Records for this exercise: Begin

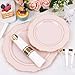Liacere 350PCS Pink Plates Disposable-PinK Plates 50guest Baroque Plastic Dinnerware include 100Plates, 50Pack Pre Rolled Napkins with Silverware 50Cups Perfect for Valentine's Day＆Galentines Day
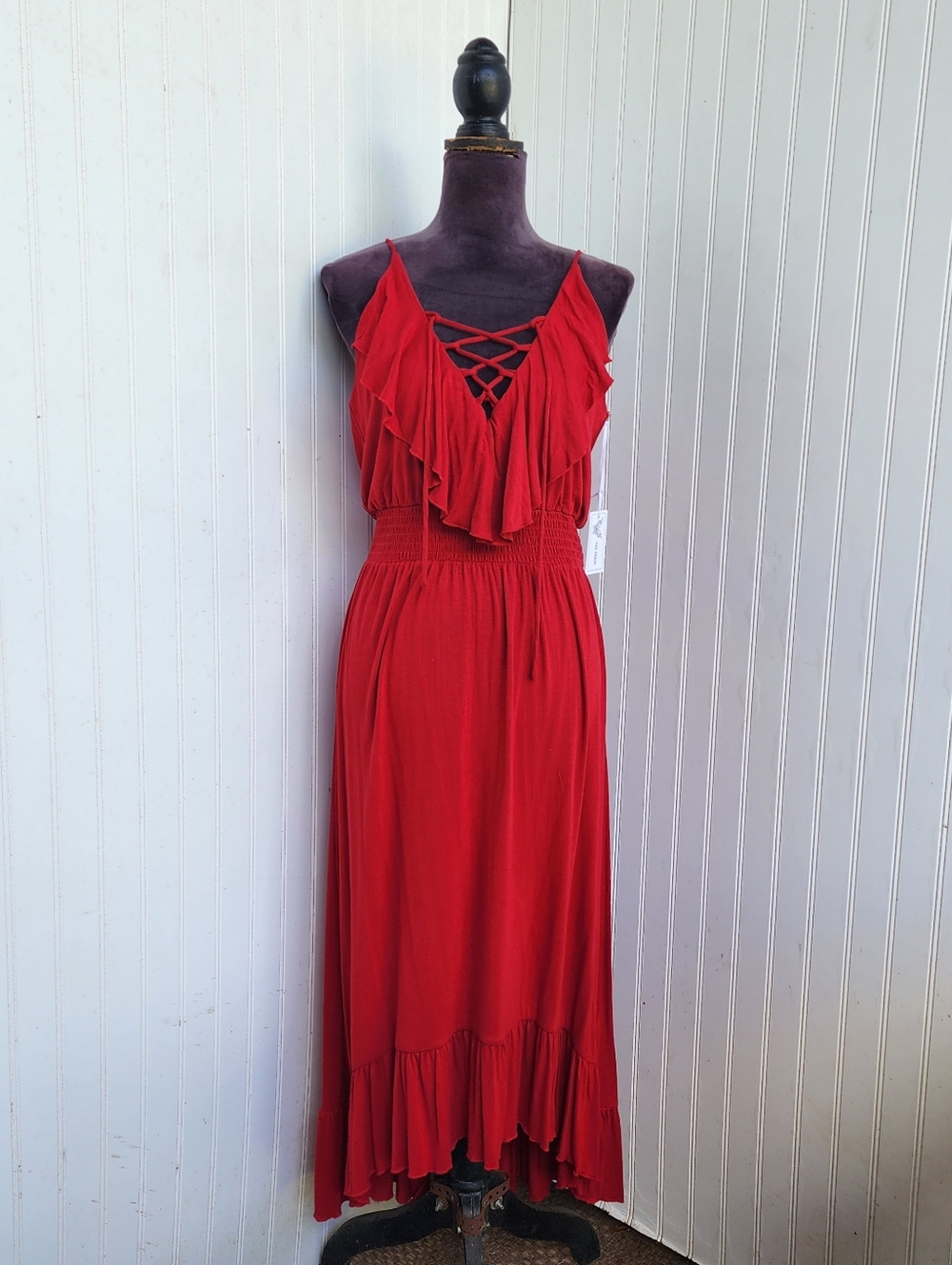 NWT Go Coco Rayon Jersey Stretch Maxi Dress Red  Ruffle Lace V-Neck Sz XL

Records for this exercise: End
Records for this exercise: Begin

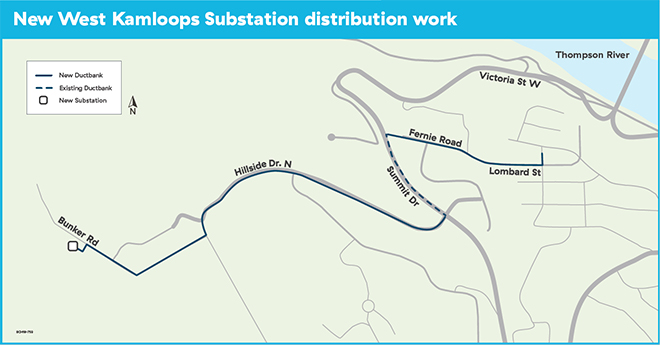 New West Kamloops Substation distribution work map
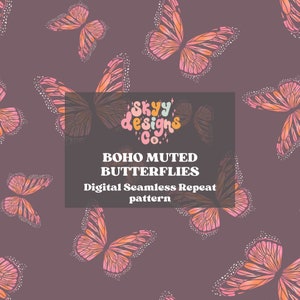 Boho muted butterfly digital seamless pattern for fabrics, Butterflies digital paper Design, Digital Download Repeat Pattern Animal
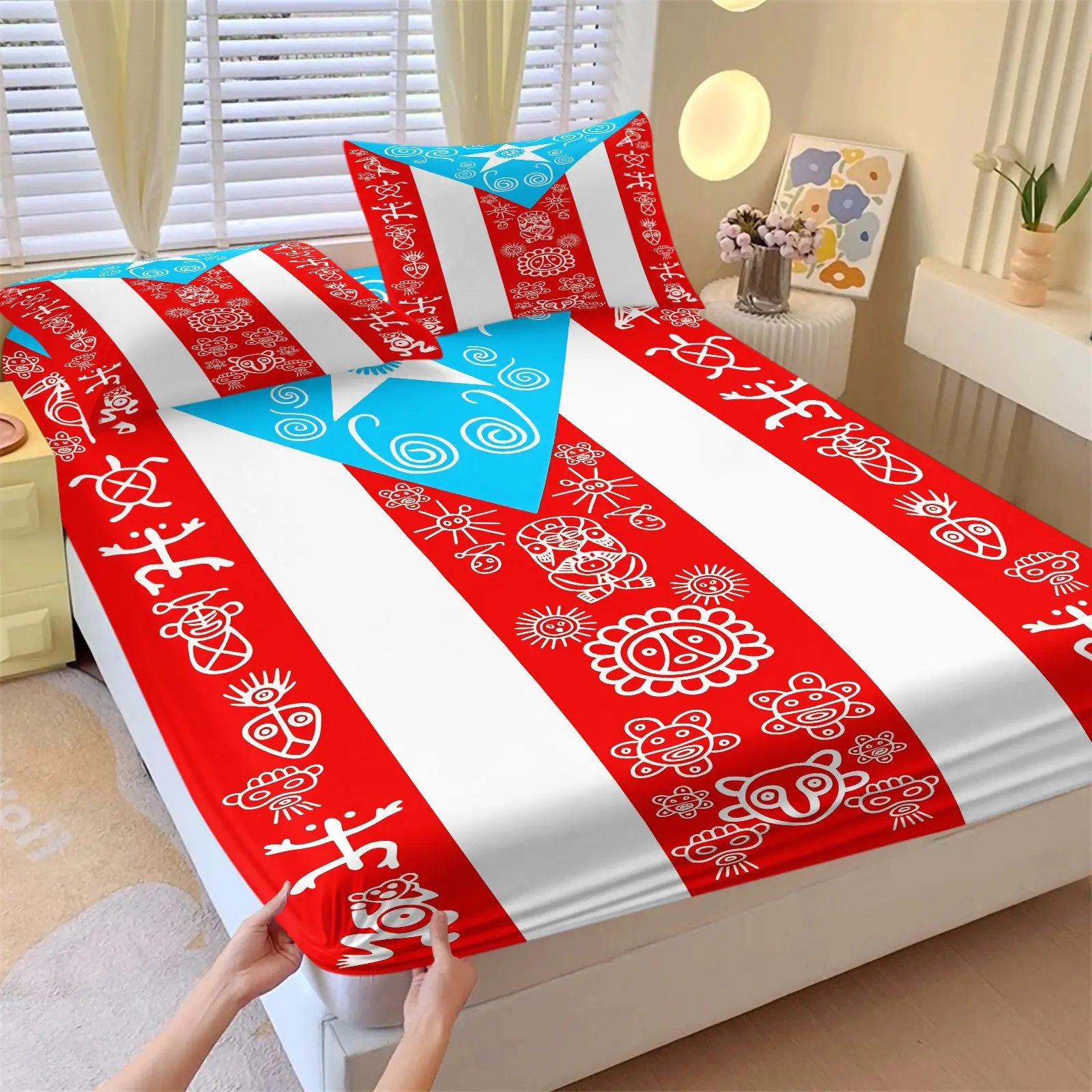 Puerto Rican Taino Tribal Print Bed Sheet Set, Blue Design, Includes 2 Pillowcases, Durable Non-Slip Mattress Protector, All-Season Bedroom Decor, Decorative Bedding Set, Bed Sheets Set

Records for this exercise: End

▸ Directions: Above are the records; return the lines in them from the one with "Liacere 350PCS Pink" to the one with "NWT Go Coco", inclusive, exactly and without images.

▸ Reply:
Liacere 350PCS Pink Plates Disposable-PinK Plates 50guest Baroque Plastic Dinnerware include 100Plates, 50Pack Pre Rolled Napkins with Silverware 50Cups Perfect for Valentine's Day＆Galentines Day
 NWT Go Coco Rayon Jersey Stretch Maxi Dress Red  Ruffle Lace V-Neck Sz XL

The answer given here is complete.